Friday's Letters to the Editor
Published: Thursday, December 13, 2012 at 7:00 p.m.
Last Modified: Thursday, December 13, 2012 at 5:36 p.m.
Drakes Bay lease
EDITOR: The Drakes Bay Oyster Co.’s owners knew in 2004 when they bought the business that the lease from the National Park Service would expire in 2012. There was no guarantee that the lease would be renewed or extended.
Within Point Reyes National Seashore, Drakes Estero was to be managed as a potential wilderness pending expiration of the lease. Drakes Bay is a federally designated marine wilderness because of the diversity and abundance of wildlife there, including one of the largest breeding colonies of harbor seals in California.
Non-native oysters are grown and harvested by the company. Federal and state agencies have cited the company for dozens of permit violations, including illegally operating in parts of the estero reserved for wildlife and adding facilities without seeking permits. The company is not a good steward of the estero. Of the 52,000 comments on the draft environmental impact statement regarding the oyster operation, 92 percent favored wilderness over oyster production.

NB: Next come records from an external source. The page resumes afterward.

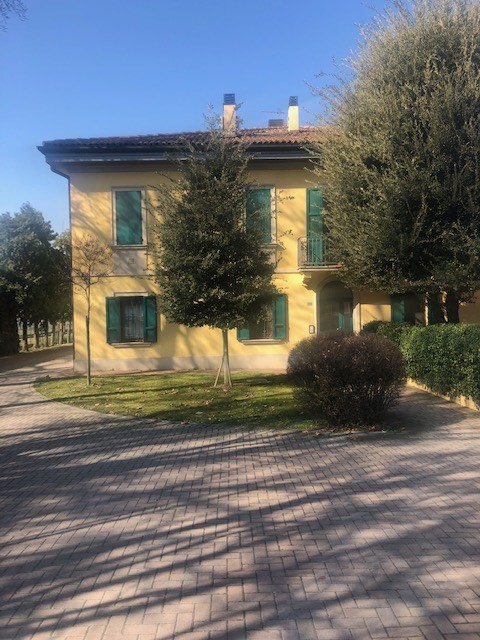 Bologna, via Ferrarese - Affittasi ufficio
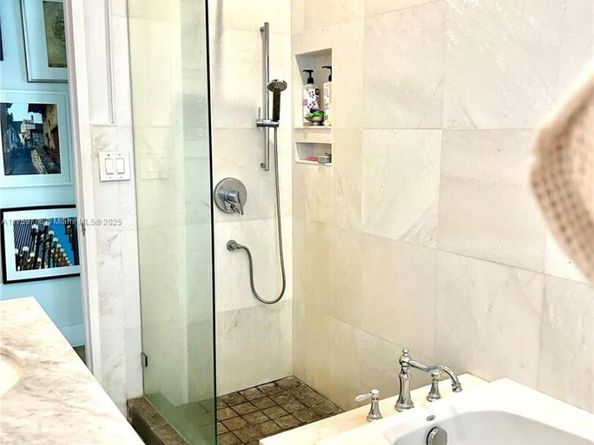 463 W 62nd St, Miami Beach FL 33140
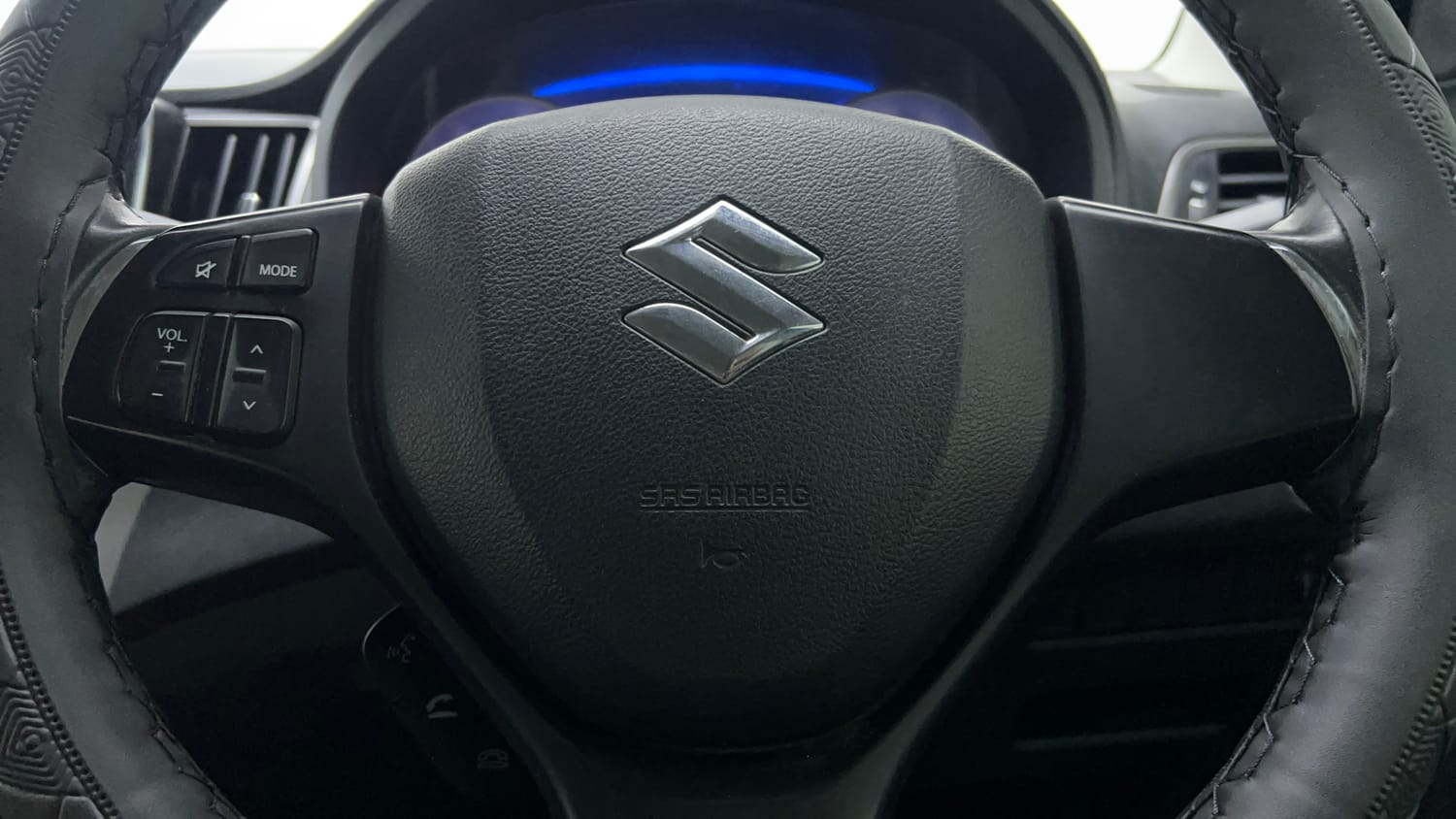 Used 2019 Maruti Suzuki Baleno Alpha Petrol Manual top_features Airbags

Interior Secretary Ken Salazar did a thorough and fair evaluation of the information regarding the lease and made a reasonable determination that it should not be renewed. The Drakes Bay Oyster Co. responded with a lawsuit and seems only interested in its business. Hopefully, the ruling on the lawsuit will uphold the secretary’s decision.
A civil council
EDITOR: I agree, let’s have civility and cooperation on the Santa Rosa City Council. But I believe that the faction that needs to change the most to achieve this is the one that has been the most vocal in calling for less divisiveness.
Even before his first meeting, Mayor Scott Bartley called a neighborhood activist with whom he disagrees “clueless.” I know Jack Swearengen well from working with him at citizen committee meetings over the years. He is well informed and reasons well. Calling him “clueless” is unnecessary, divisive name-calling.
Examples of divisiveness that stand out in my memory include John Sawyer’s stunning outbursts at the dais during the selection of the current city manager. In the first council meeting after the end of her term as mayor, Jane Bender proposed divisive revisions in the campaign finance ordinance. Mayor Susan Gorin’s seating of council members at the dais was inclusive, Mayor Ernesto Olivares’ was not. When the council was deliberating recommendations for representatives on regional boards, Councilman Jake Ours said Gorin did not represent the interests of the city.
Let’s move past all that and genuinely work toward less divisiveness and more civility and cooperation.
Money or lives?
EDITOR: It seems to me that we would have a lot fewer people being hit by cars at night if all the streets lights were on. It’s very dark out there without them. I understand there is a cost issue, but what’s more important, money or people’s lives?
EDITOR: While SEIU members don’t want to negatively affect the county, we haven’t had a wage increase in five years (“County workers reject contract,” Tuesday). We still need more affordable health care, but under the rejected contract Kaiser co-pays would go up to $40. A 2.5 percent county contribution to our pension fund would stop. We would lose the two days comp time we got instead of a raise in the last contract. That’s no raises for eight years and less take-home pay.
These are scary times for every working person, and we need to protect our income and benefits. County workers pay taxes, and, like many, we are finding it difficult to pay our bills. I know people who cannot afford even the county’s Kaiser coverage and had to purchase their own policies. We pay generously into our health care and retirement plans our whole careers and expect to receive decent and affordable coverage now and in our retirement.
With no raises, and higher health care and pension costs reducing our take-home pay even more, this contract was unfair. While the county may impose a similar contract on us, we could go back to the bargaining table in one year instead of three, resulting in a little brighter future for so many hard-working Sonoma County employees.